この膜材、正式にはPoly-Tetra-Fluoro-Ethylene (PTFE)、一般にはテフロンの名で知られます。
(テフロンはデュポン社の登録商標です。)
どうやら完成以来一度も膜の張り替えは行われていないようです。
それでもこの白さを保つとは、テフロンの耐久性の高さにアッと驚く為五郎。
そんなせっかくの美しい外観なのに(誰や、さっきダンゴムシとか言ってたヤツは?)、雑に貼られた注意書きが残念。
見たところ水深10cmくらいかな。
ここで溺れる子どもがいるならぜひ会ってみたいものです。
気を取り直して中へ。
秋田杉を大々的に使った2層構造の大屋根が壮観です。
さずがに純木造という訳にはいかず、接合部や補強材の鉄、屋根全体を支えるコンクリート、と近代建築を代表する材料が要所要所に使われています。
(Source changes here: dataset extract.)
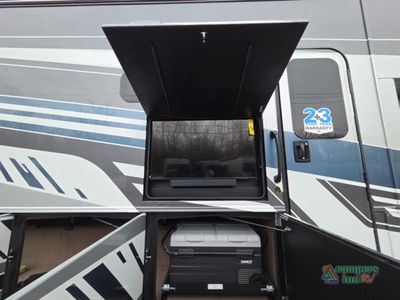 2026 Jayco Seneca Prestige - Photo 9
いわゆるハイブリッド構造、分かりやすく言うならサイボーグ。
有機物(木・テフロン、生身の体)と無機物(鉄・コンクリート、人工器官)のいいとこ取りです。
すっかり感銘を受けて興奮した永遠のガキんちょ、マウンドに上がってピッチャーの真似ごと。
疼く左腕に持つのはボールじゃなくて折り畳み傘ですが。
あ、1つ残念なことが。
膜屋根から盛大に雨漏りしてました。
維持修繕の予算が厳しいんでしょうか。
ドーム球場で傘をさして試合観戦とかシャレにならないので何とかしてくださ~い。
設計は東の横綱伊東豊雄さん。
別記事「しまなみ海道レンタサイクル100km旅⑤ 来た道をクルマで逆走」でご紹介済みですが、建築徘徊には満を持して初登場。
ところで西の横綱は誰やって?
てにをは日記の常連さんですよ。
さすがの伊東先生もキャリア初に近いであろう大規模力ずく建築。
「ドームの竹中」を自認するゼネコン竹中工務店のエンジニアリング力に助けを借りたようです。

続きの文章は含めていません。